Data block:

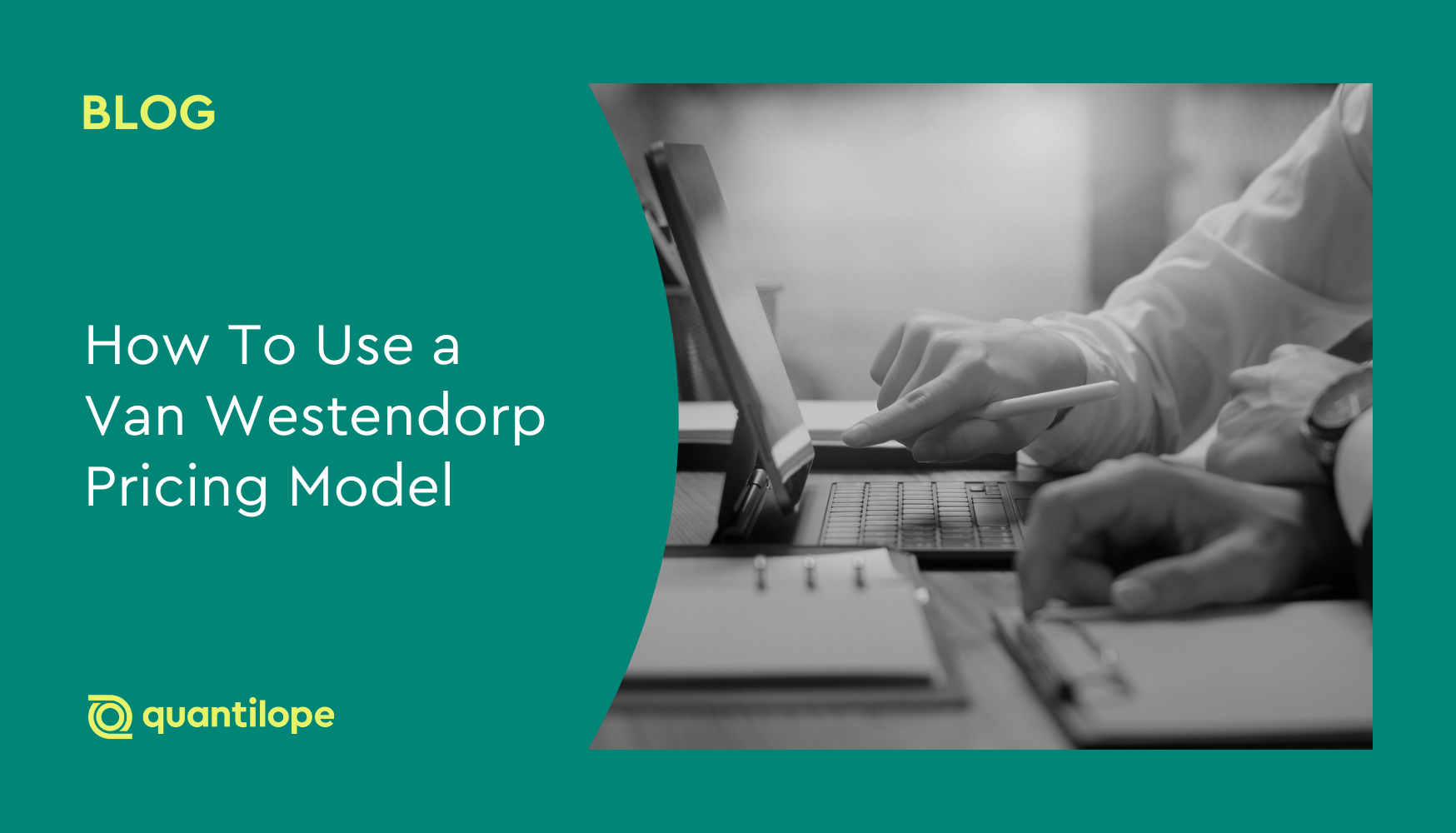 green blog background with black and white image of person pointing at computer 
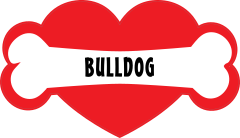 I Love My Dog With Bulldog Bone And Heart Sticker
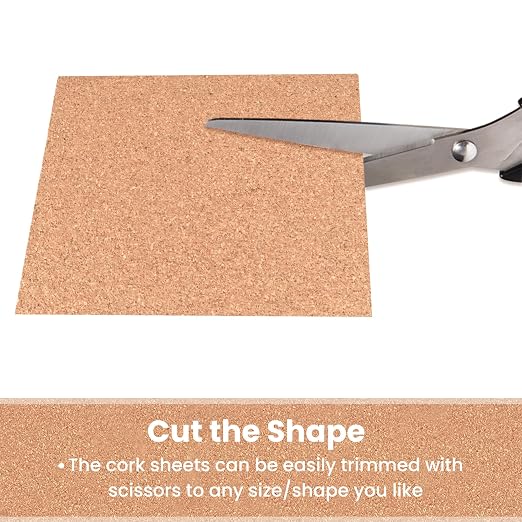 Self-Adhesive Cork Sheets for DIY Coasters, 4 Inch Square, Square Backing Cork - Image 3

Action item:
An exact restatement is expected of the lines from the line containing "I Love My Dog" to the end of the data above, pictures excluded.

Problem solution:
 I Love My Dog With Bulldog Bone And Heart Sticker
 Self-Adhesive Cork Sheets for DIY Coasters, 4 Inch Square, Square Backing Cork - Image 3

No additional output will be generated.